BJ: They say he's the real Ali G -- allegedly!
3AM: That's a bad thing in your book then, you bastard!
BJ: He's a Radio One rap DJ. Anyway. What do I read? I read Courttia. Courttia is great. You want to know how I met Courttia? Shall I tell you about the brothel? No, he wouldn't want me to talk about that!
3AM: He'll read this. And even if you take it out, I'll put it back in, you realise that!
BJ: No, I respect Courttia. Courttia has done a lot. He gets about. He's one of the few writers I've seen who gets out there and hustles. And God bless him because there are very few of us out there. Now, I'm trying to figure out what to do next, where to go next. I've had a very strange thirty years. From thirty I have to decide what I'm going to do properly. I've got no qualifications. I messed about. I get paid to be a prankster. So what's the next logical step for me to do? TV and stand-up is too obvious. I have something else in mind but I can't say until the contract is signed.

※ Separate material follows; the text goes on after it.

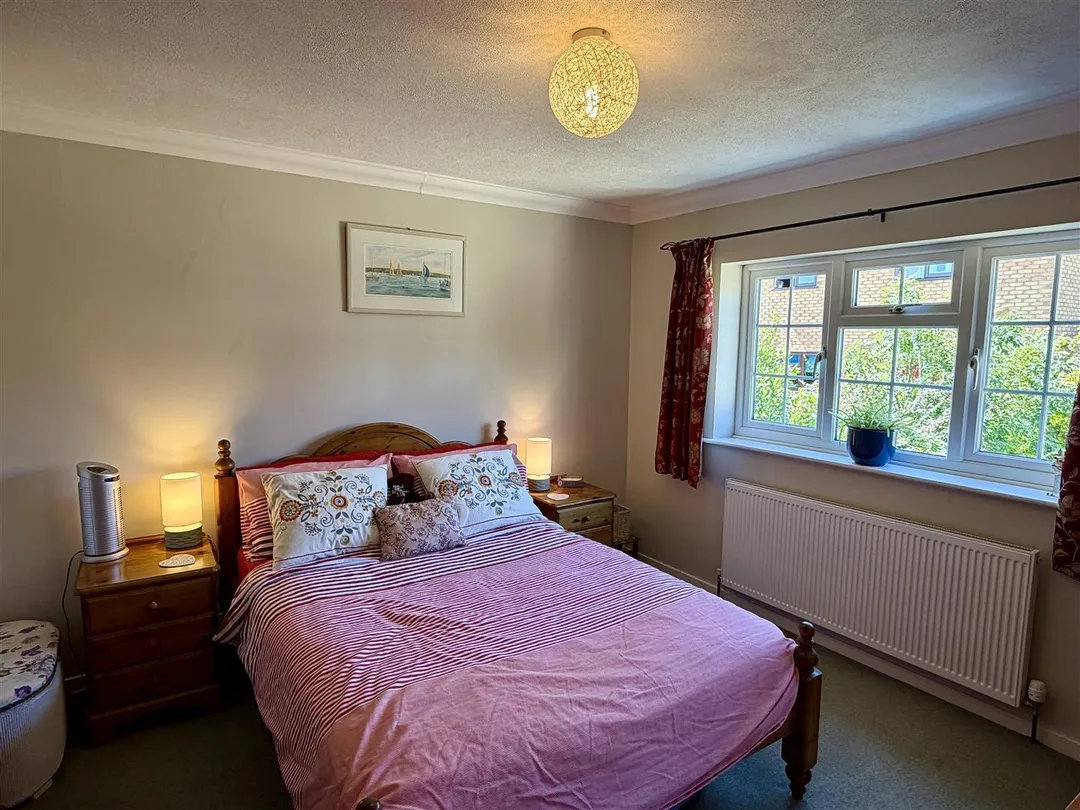 https://mr0.homeflow-assets.co.uk/files/photo/image/48164/8616/_x_/5nomsa7SKk-rga0HUVifFA.jpg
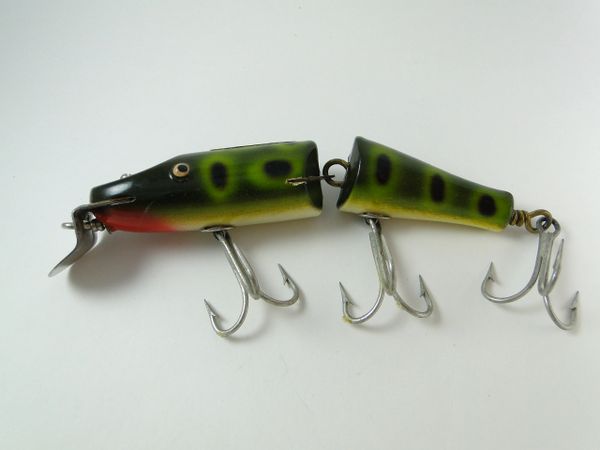 Creek Chub 3019 Husky Jointed Pikie in FROG EX+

3AM: We're going to need another interview later on down the line! I'm interested that when you talk about extreme you don‚t see it as political when so many other writers who talk extreme do see it as political in some sense.

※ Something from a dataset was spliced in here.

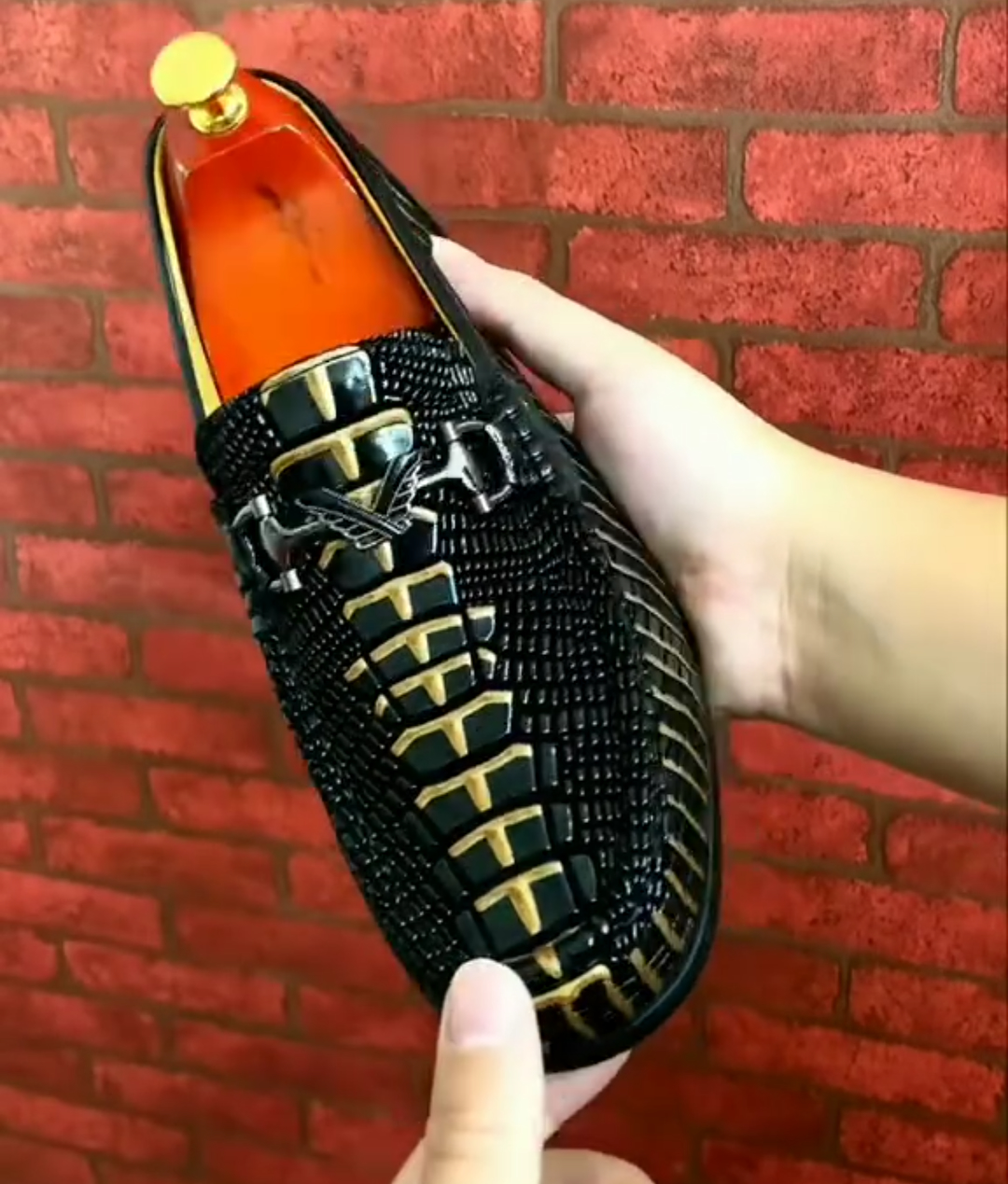 Men's Crocodile Pattern Leather Shoes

BJ: Nothing fazes me. A lot of the characters I've created they're basically people I know or have experienced. I just turned them into writing. I record a lot of stuff. I watch Jerry Springer. The only ones I watch are the she-male ones. That's fascinating. You see these guys with knuckles and so on. I like shit that's twisted, that knocks people on their heads. My writing is just fun. Now my next episode of Black Eye will be a lot more free flowing. It'll be launched hopefully in August. You never know. It's supposed to be a quarterly but I screwed it up so I'll probably screw this one up as well. So what's the obvious plan for Black Eye? The distribution. Well, you're looking at the distribution. I am the distribution. A one man operation. I've distributed quite a few thousand. No distributor will touch me. They all want insurance against being sued. What's interesting about distributors and printers is that everyone gets sued. I distribute it myself just so that I can get it out there. To be honest I'm just looking to sell it on because I've been doing this for ten years and it's getting harder and I'm getting older. I'm nearly thirty. As a man, half your life has gone. When you hit thirty. As you get older you lose your morning riser! That's quite terrifying. How old are you again?
3AM: Fuck off!
ABOUT THE INTERVIEWEE
Bobby Joseph, editor of Black Eye, former Voice columnist and editor of the controversial and now defunct Skank magazine, is now writing for Lenny Henry's second comedy series.